J.F : Je ne savais pas comment raconter au départ cette histoire. Ce qui était intéressant c’était d’opposer le voyage d’Odette au mien. Raconter en quoi le rêve américain de l’époque avec une France en ruine était différent de celui d’aujourd’hui. L’Amérique était prospère en 1945. Passer d’une époque à l’autre permettait de témoigner.
Votre scénario était écrit et vous n’aviez pas de dessinateur ?
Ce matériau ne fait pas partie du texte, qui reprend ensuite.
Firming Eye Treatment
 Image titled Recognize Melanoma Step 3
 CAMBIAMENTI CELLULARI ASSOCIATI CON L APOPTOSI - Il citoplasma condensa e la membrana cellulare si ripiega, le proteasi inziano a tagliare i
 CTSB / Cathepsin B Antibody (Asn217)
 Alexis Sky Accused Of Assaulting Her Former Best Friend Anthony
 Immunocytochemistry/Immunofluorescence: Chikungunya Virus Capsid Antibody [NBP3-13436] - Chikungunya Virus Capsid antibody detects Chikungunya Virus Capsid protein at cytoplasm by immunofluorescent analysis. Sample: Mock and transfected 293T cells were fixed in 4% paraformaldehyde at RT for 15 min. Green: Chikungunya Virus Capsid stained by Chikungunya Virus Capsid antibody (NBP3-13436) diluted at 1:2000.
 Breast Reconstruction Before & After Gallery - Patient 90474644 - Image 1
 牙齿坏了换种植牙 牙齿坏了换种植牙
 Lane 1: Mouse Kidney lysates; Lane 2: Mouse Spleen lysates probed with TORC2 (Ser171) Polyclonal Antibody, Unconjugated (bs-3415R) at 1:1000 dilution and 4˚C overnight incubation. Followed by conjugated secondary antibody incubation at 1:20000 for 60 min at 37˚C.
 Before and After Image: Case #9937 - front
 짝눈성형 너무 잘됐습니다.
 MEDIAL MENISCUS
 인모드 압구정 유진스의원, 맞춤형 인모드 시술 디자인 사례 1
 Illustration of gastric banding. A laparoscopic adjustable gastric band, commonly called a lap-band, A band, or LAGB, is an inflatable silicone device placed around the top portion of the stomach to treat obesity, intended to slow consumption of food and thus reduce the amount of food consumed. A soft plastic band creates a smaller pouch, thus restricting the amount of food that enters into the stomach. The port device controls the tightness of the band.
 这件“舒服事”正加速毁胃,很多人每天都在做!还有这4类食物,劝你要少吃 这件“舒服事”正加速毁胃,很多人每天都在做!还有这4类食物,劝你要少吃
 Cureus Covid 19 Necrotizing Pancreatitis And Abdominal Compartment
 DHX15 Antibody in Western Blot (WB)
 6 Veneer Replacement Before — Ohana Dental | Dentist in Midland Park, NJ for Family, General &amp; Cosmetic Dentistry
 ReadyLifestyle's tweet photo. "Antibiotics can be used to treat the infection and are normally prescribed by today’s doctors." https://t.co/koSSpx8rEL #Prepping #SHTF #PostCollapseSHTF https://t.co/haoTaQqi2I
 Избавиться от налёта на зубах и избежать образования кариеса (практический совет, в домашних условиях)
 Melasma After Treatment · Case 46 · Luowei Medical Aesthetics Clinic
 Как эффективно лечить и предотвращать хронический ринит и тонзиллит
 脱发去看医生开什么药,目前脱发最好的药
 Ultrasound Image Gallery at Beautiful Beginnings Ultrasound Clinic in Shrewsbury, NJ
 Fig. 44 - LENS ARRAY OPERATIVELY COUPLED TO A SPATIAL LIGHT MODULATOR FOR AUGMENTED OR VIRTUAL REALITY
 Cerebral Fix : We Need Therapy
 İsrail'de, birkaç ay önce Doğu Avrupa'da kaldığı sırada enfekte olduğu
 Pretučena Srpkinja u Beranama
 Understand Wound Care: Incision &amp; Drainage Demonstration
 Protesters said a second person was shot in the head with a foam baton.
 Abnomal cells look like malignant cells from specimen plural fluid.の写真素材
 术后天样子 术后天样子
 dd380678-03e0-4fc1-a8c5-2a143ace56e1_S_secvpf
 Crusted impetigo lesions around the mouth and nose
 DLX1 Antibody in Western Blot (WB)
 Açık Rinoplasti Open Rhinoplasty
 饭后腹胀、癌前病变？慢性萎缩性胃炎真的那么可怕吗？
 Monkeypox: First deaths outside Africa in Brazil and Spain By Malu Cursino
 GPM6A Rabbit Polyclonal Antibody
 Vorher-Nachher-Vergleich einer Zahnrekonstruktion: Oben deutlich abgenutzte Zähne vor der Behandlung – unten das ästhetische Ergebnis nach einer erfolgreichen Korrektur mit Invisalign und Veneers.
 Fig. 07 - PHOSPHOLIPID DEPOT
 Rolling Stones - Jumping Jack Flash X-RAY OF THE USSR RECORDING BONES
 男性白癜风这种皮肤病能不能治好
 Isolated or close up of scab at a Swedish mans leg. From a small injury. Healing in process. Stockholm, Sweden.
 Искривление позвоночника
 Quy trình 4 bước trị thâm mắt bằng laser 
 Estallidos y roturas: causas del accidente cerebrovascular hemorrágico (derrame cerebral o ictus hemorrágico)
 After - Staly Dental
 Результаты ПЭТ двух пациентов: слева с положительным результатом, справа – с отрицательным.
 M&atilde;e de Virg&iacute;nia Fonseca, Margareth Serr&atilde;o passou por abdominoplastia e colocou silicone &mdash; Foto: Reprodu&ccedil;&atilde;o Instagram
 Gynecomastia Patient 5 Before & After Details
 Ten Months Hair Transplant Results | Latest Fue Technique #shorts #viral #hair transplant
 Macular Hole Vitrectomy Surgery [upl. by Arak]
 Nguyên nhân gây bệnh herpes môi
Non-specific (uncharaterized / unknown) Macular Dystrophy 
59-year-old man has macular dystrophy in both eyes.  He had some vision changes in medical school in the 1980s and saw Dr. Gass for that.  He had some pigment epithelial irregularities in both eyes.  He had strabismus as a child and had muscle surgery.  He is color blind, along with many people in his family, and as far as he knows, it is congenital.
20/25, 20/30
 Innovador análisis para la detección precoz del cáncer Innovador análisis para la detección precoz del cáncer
J.F : J’ai rencontré Lucas Varela chez Lewis Trondheim au moment où il finissait le Jour le plus long du futur chez Delcourt. Je lui ai dit que j’aimais son travail.
Lucas Varela : Lewis était mon éditeur et il nous a mis en rapport.
J.F : Je ne cherchais pas de dessinateur mais je ne voulais pas montrer à Dargaud mon scénario sans planches. Quand j’ai commencé à chercher un dessinateur, j’ai vu ce que Lucas faisait pour le Financial Times. Lucas est aussi à cheval sur deux cultures. Il est argentin et vit en France.
Vous avez retravaillé le scénario ?
J.F : Oui j’ai coupé deux séquences dont celle sur le musée de la Motown. Ils ont une vision très particulière des musées aux USA. On a mis un an et demi en tout pour finir Michigan.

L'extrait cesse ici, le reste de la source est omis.